For us Unitarian Universalists, what might constitute a “holy place” to which we might make a micro-pilgrimage? Back when we lived in downtown San Mateo, I would walk to different houses of worship. As is true of many small American cities these days, San Mateo has quite a diversity of faith communities, so from our old apartment I could walk to a Hindu temple, an Islamic masjid, a couple of historically Black churches, a Pure Land Buddhist Temple, a UCC church, a Catholic church, a Pentecostal storefront church, and several other places of worship. I’d think about — maybe I should say, do “focused meditation” on — the religious diversity of the world, and my place in that diversity. It proved to be both uplifting (“A masjid? how cool is that!”) and humbling (“Gee, Unitarian Universalism is not as important in the world as I’d like to believe”).

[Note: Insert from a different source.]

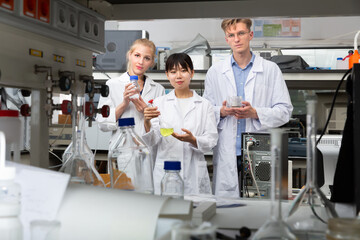 Obraz premium Glad male and female scientists in white coats posing at biochemical laboratory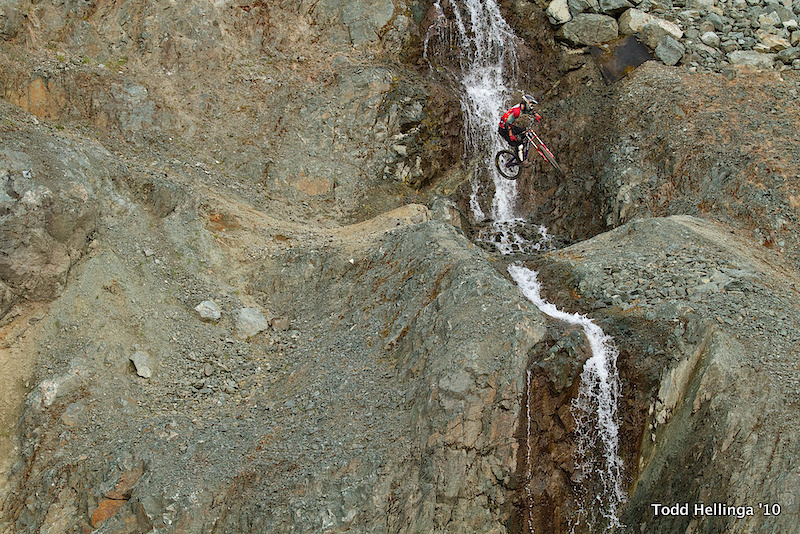 Paul hucks a sweet gap over a waterfall.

Now I live next to a cemetery. Walking in cemeteries was something of a tradition in New England, in part because they plow the roads in cemeteries in winter so it’s one of the few places you can walk safely without skis or snowshoes. But it was also a meditative practice: you’d read the inscriptions and wonder about the person who had died. This is another exercise in humility, and a lesson in perspective. How well am I living my life now, knowing that I’m as mortal as that person lying under the gravestone? But perhaps you have to be from New England, with that grim New England worldview, to appreciate this kind of micro-pilgrimage.

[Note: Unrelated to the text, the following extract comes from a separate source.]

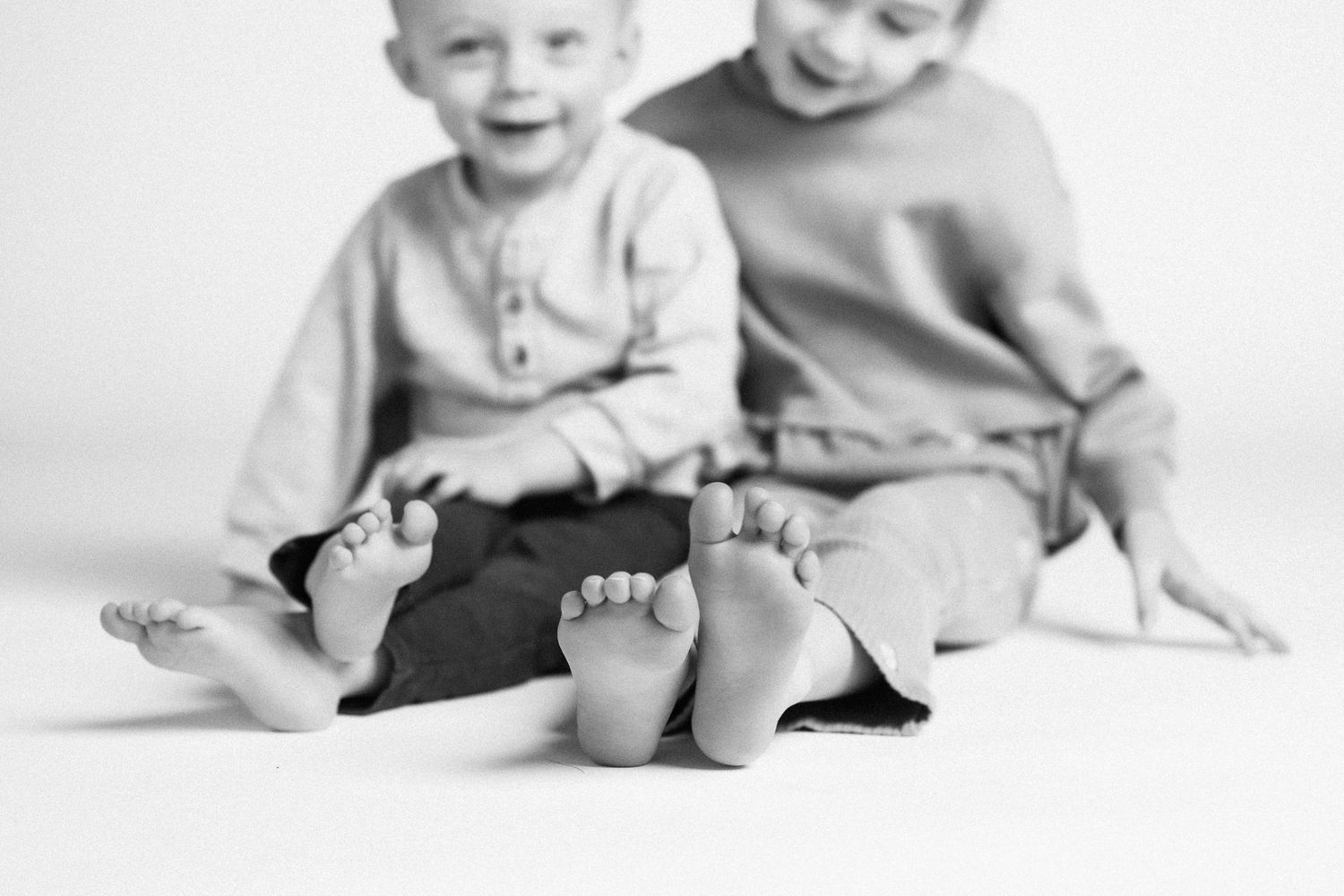 A series of black and white photographs showing a baby's developmental milestones while lying on a white backdrop.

You can also follow Thoreau’s lead, and look at the world of nature around you. Even when you live in the city, or in the inner suburbs, places where humans utterly dominate the landscape, there are still plenty of non-human organisms worthy of human attention. Recently, I find myself looking for flowering weeds, like this chickweed:
Or this flower, which is not a dandelion, but a related flower from the Cichorieae tribe (probably a Sow Thistle):
Why do I look for weeds? Maybe because of the same sentiment that Malvina Reynolds expressed in her song, “God Bless the Grass”:
God bless the grass that grows through the crack,
They roll the concrete over it to try and keep it back….
God bless the truth that fights toward the sun,
They roll the lies over it, and think that it is done….
The real point in all this is that any walk, even a walk around your neighborhood, can become more than just a walk. It can become a spiritual journey, where even though you stay in your neighborhood, you travel very far in spirit.